Cleaning and scrubbing can wait till tomorrow... For babies grow up we've learned to our sorrow... so quiet down cobwebs... dust go to sleep. I'm rocking my baby and babies don't keep!!
J's mom reminded me of this cross stitch that she had displayed in the room we stayed in when we visited them recently. We didn't actually talk about it while I was there, but I read it over and over whenever I was in the bedroom nursing Squeakles.
It's not so much the part about putting off cleaning that gets to me, although it is nice to get a little affirmation that it's ok if our apartment is a disaster zone. (Oh, that's not exactly what it says?)
It's the part about babies growing up so quickly that gets to me, because every day as I watch Squeakles learn to do more and more new things, I am also a bit nostalgic for the baby that is already slipping into the past. I really try not to think about it like this because of course babies grow up and of course I want him to and, well, of course every single step he takes forward makes my life that much easier! Plus, I am getting to see more and more of his personality, and there is a part of me that just wants this development to hurry up so that I can truly interact with my Squeakles and get to know him even better. I want to hear the things he's going to say and know what he's thinking about and see the things he's going to do.
But at the same time, I'm sad that the baby days pass so quickly. So I do take the time to sit and hold him and just enjoy those moments. Two nights ago when he woke up at 6:30 - or, more accurately, when he still wasn't sleeping by 6:30 after having woken up crying every hour since 2:30 - I debated about just leaving him in his crib to cry until he fell asleep. But I didn't think I could do that without leaving the baby monitor on in our bedroom and that meant that there was no way that I (or J) would sleep. So I got back up for the millionth time and just held him a little bit. He continued to cry, but I could feel his body starting to relax. He let me hold him while sitting down, so that softened me even further (as opposed to having to stand up and bounce him until he whimpers off to sleep). As he lay in my arms and slowly (very sloooooowly) drifted off to sleep, I was glad to have that moment with him. Eventually I did put him back in his crib and I went back to sleep in my own bed. While I don't want to do that every night, it did give me some soft cuddles with him that I don't usually get during the activities of the day.

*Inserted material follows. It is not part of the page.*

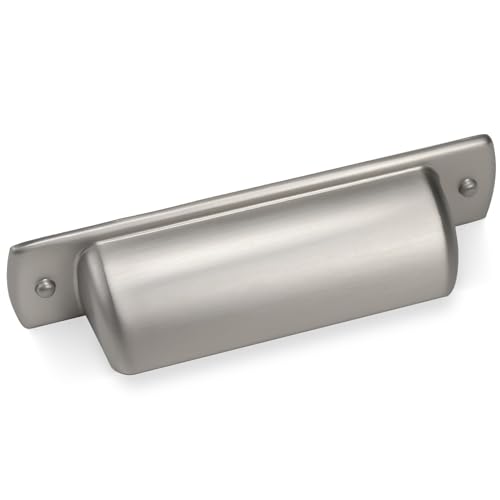 10 Pack 3 inch(76mm) Brushed Satin Nickel Kitchen Cabinet Handles Cabinet Cup Pulls Sliver Drawer Cup Pulls Kitchen Cabinet Hardware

So with our new babysitter starting this week, I am more aware than ever of these moments. However, now that she's come twice, I can say confidently that I am not going to be losing moments. If anything, I am gaining them because I can work so much more productively when I go to work, and then give all my attention to Squeakles when I'm at home. Last night I cleaned up in the kitchen and living room while Squeakles either played nearby with his toys or with J. When he needed to be nursed, we rocked in the glider chair and Squeakles even took a little nap while I held him (and while J and I were in the midst of watching several episodes of The Office so that we could catch up before the new season starts.) J and I each fed him some mashed banana (which he now looooooves). And at the end of the evening, I took a bath with Squeakles and then put him to bed. I definitely didn't finish the massive cleaning effort that is needed to make our apartment actually presentable, but it helped. And it was nice to have an evening with Squeakles and J, without someone trying to work.
The new babysitter is great so far. I had thought that I would need to stay home with her for a week to train her, but I realize now that it was just my new mother's nerves that had me worrying she would need so much guidance. While she doesn't have a lot of infant experience, she has enough to be comfortable. And she seems to have good instincts, good common sense, and a very nice nature in dealing with Squeakles. He responds very well to her and even went to sleep for her on the very first day!
Well, I've rambled on long enough and now I've got to go meet up with some friends. I'm going to meet JCM's son for the first time - so exciting!